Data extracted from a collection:

■ ■ ■ ■

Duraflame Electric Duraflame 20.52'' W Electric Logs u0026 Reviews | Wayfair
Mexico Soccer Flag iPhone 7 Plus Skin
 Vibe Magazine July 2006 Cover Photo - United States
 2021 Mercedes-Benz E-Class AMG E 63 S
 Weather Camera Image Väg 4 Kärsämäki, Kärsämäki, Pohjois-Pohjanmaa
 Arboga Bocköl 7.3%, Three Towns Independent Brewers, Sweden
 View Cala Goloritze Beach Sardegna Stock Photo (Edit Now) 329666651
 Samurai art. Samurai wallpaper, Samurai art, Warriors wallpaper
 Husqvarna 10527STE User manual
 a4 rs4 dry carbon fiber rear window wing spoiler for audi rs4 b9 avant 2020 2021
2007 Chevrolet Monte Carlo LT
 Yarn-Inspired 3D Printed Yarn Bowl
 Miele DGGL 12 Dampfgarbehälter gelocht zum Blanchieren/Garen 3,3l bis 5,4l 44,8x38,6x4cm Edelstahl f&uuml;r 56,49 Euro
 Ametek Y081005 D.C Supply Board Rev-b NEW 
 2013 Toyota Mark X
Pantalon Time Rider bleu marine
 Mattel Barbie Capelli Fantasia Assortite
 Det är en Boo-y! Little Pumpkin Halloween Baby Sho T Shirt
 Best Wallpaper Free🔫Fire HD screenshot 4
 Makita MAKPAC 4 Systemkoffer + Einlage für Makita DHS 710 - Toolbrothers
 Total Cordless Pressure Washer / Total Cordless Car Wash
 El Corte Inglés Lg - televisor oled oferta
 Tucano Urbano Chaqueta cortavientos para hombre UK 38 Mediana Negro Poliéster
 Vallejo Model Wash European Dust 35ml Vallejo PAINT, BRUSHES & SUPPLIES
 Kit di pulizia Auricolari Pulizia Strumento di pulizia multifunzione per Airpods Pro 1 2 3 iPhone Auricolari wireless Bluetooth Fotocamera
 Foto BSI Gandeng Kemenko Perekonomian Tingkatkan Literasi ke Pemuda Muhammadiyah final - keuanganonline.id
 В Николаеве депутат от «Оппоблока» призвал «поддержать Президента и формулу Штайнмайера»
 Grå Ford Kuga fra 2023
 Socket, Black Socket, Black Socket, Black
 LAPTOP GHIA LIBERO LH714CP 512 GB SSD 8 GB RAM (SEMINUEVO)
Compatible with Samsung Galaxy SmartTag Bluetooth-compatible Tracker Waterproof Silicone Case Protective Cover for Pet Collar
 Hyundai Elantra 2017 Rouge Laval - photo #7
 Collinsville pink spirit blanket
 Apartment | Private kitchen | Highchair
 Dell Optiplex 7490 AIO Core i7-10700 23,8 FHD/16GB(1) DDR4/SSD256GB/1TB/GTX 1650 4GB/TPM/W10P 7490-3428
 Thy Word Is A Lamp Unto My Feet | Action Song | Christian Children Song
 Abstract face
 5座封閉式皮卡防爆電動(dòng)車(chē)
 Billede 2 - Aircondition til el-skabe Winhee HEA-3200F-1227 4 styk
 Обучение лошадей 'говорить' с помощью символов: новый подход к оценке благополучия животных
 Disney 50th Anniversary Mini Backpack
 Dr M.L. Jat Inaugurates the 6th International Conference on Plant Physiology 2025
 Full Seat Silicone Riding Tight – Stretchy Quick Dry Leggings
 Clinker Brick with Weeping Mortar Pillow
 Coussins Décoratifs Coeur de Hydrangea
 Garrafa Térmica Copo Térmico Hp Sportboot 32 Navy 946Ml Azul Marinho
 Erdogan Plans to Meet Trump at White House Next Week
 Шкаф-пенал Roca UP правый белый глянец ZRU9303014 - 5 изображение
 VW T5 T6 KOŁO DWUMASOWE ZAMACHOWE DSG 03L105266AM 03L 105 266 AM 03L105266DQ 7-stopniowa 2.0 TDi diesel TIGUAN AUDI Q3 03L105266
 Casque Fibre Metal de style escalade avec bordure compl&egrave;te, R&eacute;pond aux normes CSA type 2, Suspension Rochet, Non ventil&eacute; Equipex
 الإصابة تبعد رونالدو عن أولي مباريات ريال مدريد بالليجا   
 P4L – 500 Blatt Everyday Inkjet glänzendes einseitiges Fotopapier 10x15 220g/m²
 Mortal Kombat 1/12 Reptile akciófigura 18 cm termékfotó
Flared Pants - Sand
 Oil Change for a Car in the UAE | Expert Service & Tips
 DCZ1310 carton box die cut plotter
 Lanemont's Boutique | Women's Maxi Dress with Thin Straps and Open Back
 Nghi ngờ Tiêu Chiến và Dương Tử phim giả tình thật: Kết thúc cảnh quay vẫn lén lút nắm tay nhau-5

■ ■ ■ ■

EXERCISE OBJECTIVE – The first line of the entries above marks where to begin; repeat each line exactly through the one that contains "Kit di pulizia", and include that line.

SOLUTION TO THIS TASK –
Duraflame Electric Duraflame 20.52'' W Electric Logs u0026 Reviews | Wayfair
Mexico Soccer Flag iPhone 7 Plus Skin
 Vibe Magazine July 2006 Cover Photo - United States
 2021 Mercedes-Benz E-Class AMG E 63 S
 Weather Camera Image Väg 4 Kärsämäki, Kärsämäki, Pohjois-Pohjanmaa
 Arboga Bocköl 7.3%, Three Towns Independent Brewers, Sweden
 View Cala Goloritze Beach Sardegna Stock Photo (Edit Now) 329666651
 Samurai art. Samurai wallpaper, Samurai art, Warriors wallpaper
 Husqvarna 10527STE User manual
 a4 rs4 dry carbon fiber rear window wing spoiler for audi rs4 b9 avant 2020 2021
2007 Chevrolet Monte Carlo LT
 Yarn-Inspired 3D Printed Yarn Bowl
 Miele DGGL 12 Dampfgarbehälter gelocht zum Blanchieren/Garen 3,3l bis 5,4l 44,8x38,6x4cm Edelstahl f&uuml;r 56,49 Euro
 Ametek Y081005 D.C Supply Board Rev-b NEW 
 2013 Toyota Mark X
Pantalon Time Rider bleu marine
 Mattel Barbie Capelli Fantasia Assortite
 Det är en Boo-y! Little Pumpkin Halloween Baby Sho T Shirt
 Best Wallpaper Free🔫Fire HD screenshot 4
 Makita MAKPAC 4 Systemkoffer + Einlage für Makita DHS 710 - Toolbrothers
 Total Cordless Pressure Washer / Total Cordless Car Wash
 El Corte Inglés Lg - televisor oled oferta
 Tucano Urbano Chaqueta cortavientos para hombre UK 38 Mediana Negro Poliéster
 Vallejo Model Wash European Dust 35ml Vallejo PAINT, BRUSHES & SUPPLIES
 Kit di pulizia Auricolari Pulizia Strumento di pulizia multifunzione per Airpods Pro 1 2 3 iPhone Auricolari wireless Bluetooth Fotocamera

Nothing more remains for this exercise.